---- Information given
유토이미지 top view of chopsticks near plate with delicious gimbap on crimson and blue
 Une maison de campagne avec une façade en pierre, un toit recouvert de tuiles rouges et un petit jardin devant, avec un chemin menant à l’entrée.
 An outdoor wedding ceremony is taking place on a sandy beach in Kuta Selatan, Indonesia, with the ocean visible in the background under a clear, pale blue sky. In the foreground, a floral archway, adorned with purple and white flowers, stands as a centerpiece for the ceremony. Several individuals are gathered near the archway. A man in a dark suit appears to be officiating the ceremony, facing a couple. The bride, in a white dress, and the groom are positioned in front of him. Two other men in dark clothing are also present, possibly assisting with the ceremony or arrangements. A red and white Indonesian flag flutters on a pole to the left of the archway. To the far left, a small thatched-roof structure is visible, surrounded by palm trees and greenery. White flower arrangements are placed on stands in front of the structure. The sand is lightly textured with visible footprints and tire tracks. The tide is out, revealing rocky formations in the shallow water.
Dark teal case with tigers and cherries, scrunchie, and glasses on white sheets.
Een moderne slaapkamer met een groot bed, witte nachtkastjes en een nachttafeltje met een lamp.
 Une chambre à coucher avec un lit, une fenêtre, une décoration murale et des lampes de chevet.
--------
Please transcribe exactly the line containing "Dark teal case" and every line after it to the end of the data, and no other lines.

Answer to this task:
Dark teal case with tigers and cherries, scrunchie, and glasses on white sheets.
Een moderne slaapkamer met een groot bed, witte nachtkastjes en een nachttafeltje met een lamp.
 Une chambre à coucher avec un lit, une fenêtre, une décoration murale et des lampes de chevet.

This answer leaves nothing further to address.